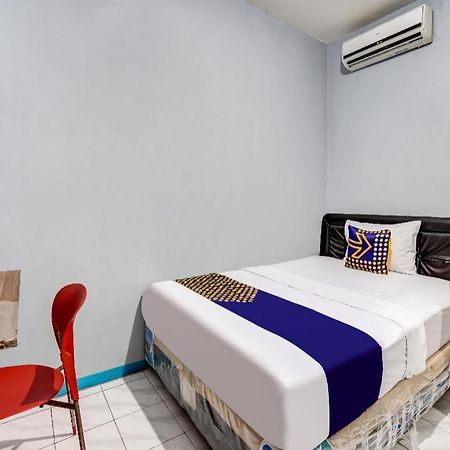 Отель Spot On 90147 Gosepa Ambengan Plaza Сурабая Экстерьер фото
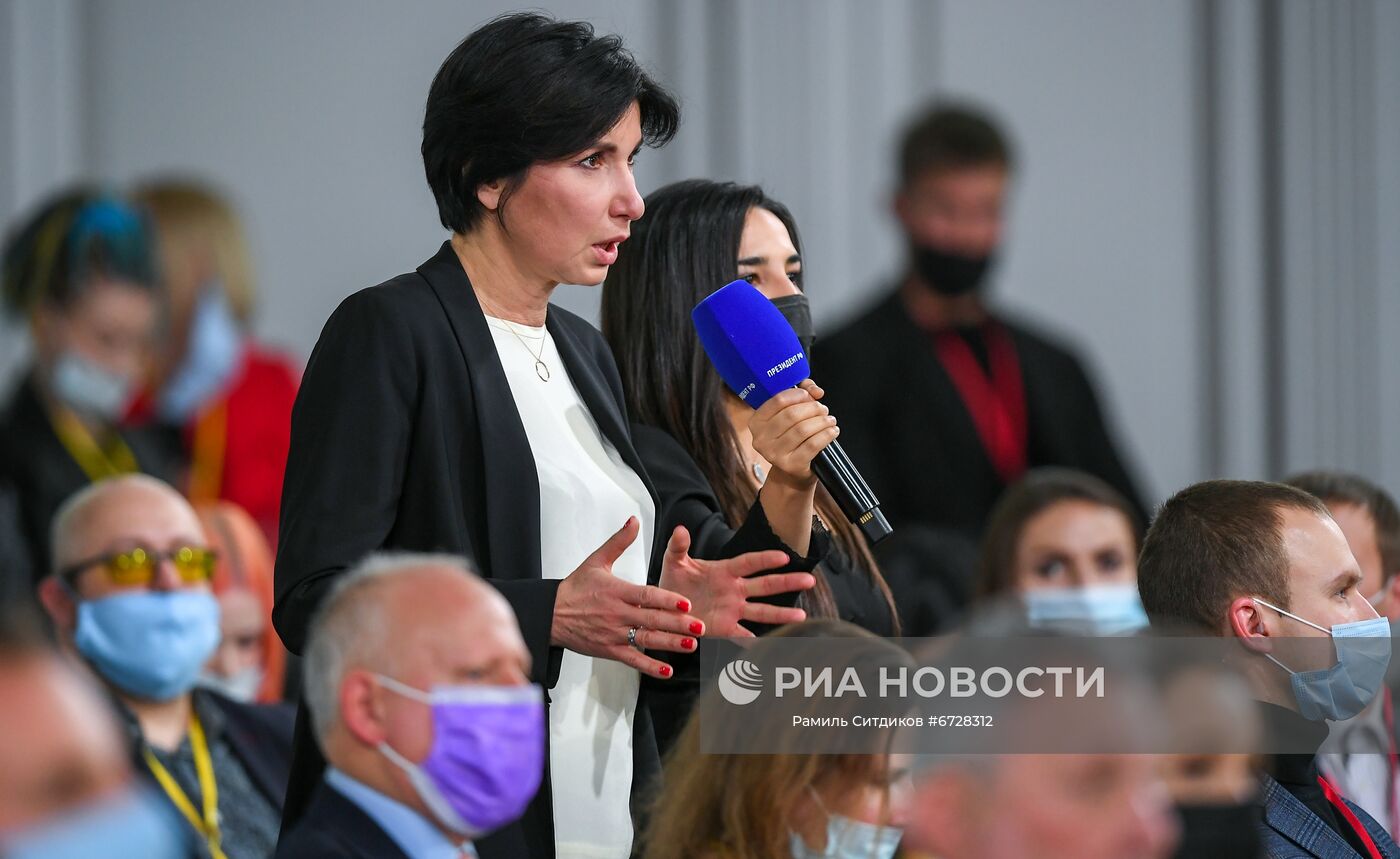 23 декабря 2021.Телеведущая Ирада Зейналова задает вопрос на большой ежегодной пресс-конференции президента РФ Владимира Путина в Центральном выставочном зале "Манеж". Место: Россия, Москва. Автор: Рамиль Ситдиков/РИА Новости. Ежегодная пресс-конференция президента России Владимира Путина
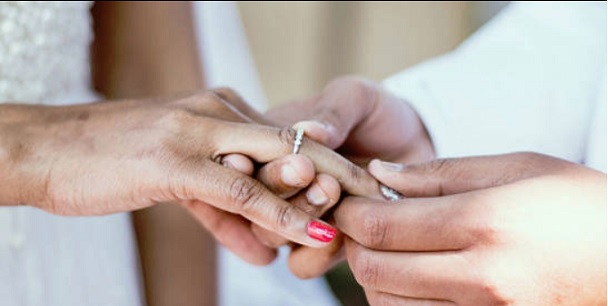 Recién casado pide el divorcio tras ver la cara de su esposa…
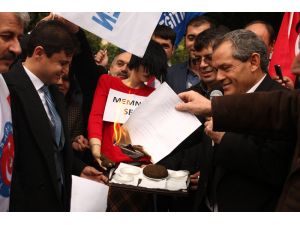 Memurlar Maaş Bordrolarını Ateşe Verdi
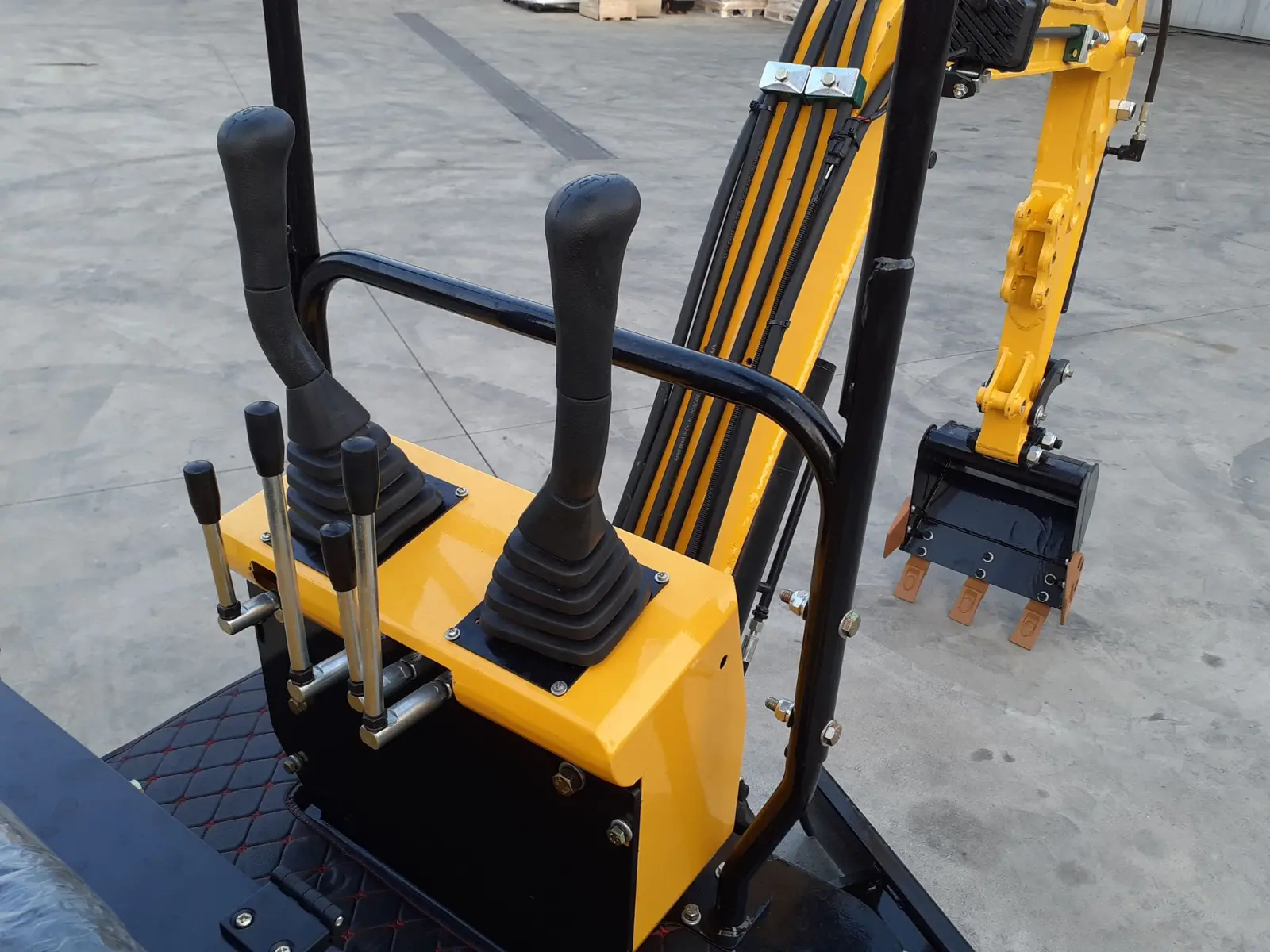 JPC-HT12-Mini-Excavator-4.webp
========================
▶ **Task prompt**: Without the pictures, write out every entry exactly as it appears.

▶ **Answer for this exercise**:
 Отель Spot On 90147 Gosepa Ambengan Plaza Сурабая Экстерьер фото
 23 декабря 2021.Телеведущая Ирада Зейналова задает вопрос на большой ежегодной пресс-конференции президента РФ Владимира Путина в Центральном выставочном зале "Манеж". Место: Россия, Москва. Автор: Рамиль Ситдиков/РИА Новости. Ежегодная пресс-конференция президента России Владимира Путина
 Recién casado pide el divorcio tras ver la cara de su esposa…
 Memurlar Maaş Bordrolarını Ateşe Verdi
 JPC-HT12-Mini-Excavator-4.webp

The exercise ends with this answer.